When do the Portland Professional Planners throw aside their preference for preciousness? When it’s in favor of bike paths.
Apparently I missed the big announcement about the plan to rip up one of two streets in NW Portland. So it was with a frisson of SHOCK that I came upon NW Marshall at about 9th and saw that the city had removed cobblestones–ripped them out–in favor of smooth concrete–concrete!–bike paths.*
Who rips out quaint cobblestones for concrete? I thought we were concerned with preservation etc. TREES are protected around here, for crying out loud!
I couldn’t rest until I found out what was going on.

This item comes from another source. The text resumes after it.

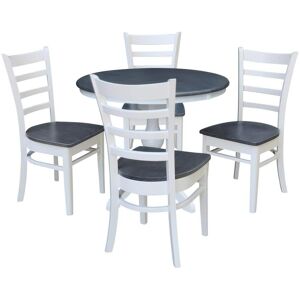 International Concepts Set of 5-pcs - White/Heather Gray 36 in. Round Extension Dining table with 4-RTA chairs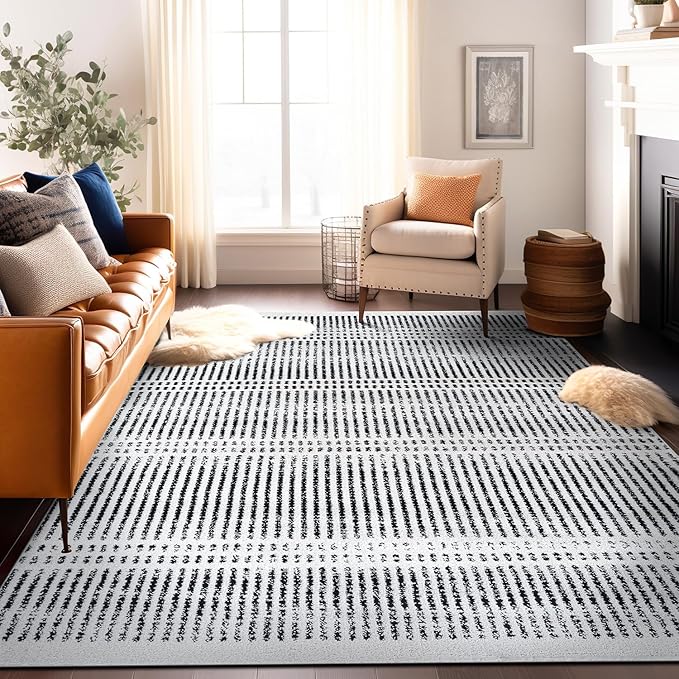 Rugshop Contemporary Stripe Lines High Traffic Living Room,Bedroom,Kitchen, Home Office Area Rug 7'10" x 10' Cream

In the Zero I found out that these concrete paths are part of
…[T]he Eastside Streetcar Loop project, a $128 million, 3.3 mile extension of the streetcar that will loop from the Pearl District, across the Broadway Bridge and down to OMSI. The project will turn NW Lovejoy and NW Northrup (two blocks north) into an east-west couplet (one-way traffic in each direction). As part of that construction, the bike lanes currently on Lovejoy will be removed and Marshall and NW Johnson (four blocks south) will become the preferred bikeways.
And why is that? Because bicyclists continue to wipe out on street car tracks on Lovejoy. (Here’s your back of the envelope math: Street cars over cars, bikes over street cars = bikes over every mode of transportation)
And did you know the entire Pearl District is going to become a bike district? Me neither. I don’t even know what that means, but I have a feeling more quaintness will be torn up for in favor of precious bikes and I won’t be able to drive in my usual stomping ground. Here’s what I found on the local Bike Portland blog,
They pave over cobblestones in Amsterdam so it’s OK! …[L]ocal design firm Alta Planning, who helped analyze the Marshall alignment, said the treatment is common in European countries with high bike usage. Alta CEO Mia Birk sent me the photo [nearby] as evidence:)
For Birk and PBOT, a bike boulevard on Marshall is part of a larger effort to make the Pearl District the city’s first officially designated “Bicycle District.”
But this hacked off even NW PDX libs who decried the defacement and noted REI replaced cobblestones when it came to the ‘hood along NW Johnson.
Portland’s preference for preciousness is even niggling at the folks over at the NW Examiner who recently included this cartoon on its pages:
The way I figure it is: if they can rip up street over a century or so old, I can get rid of that tree that’s subsuming my yard. Fair enough?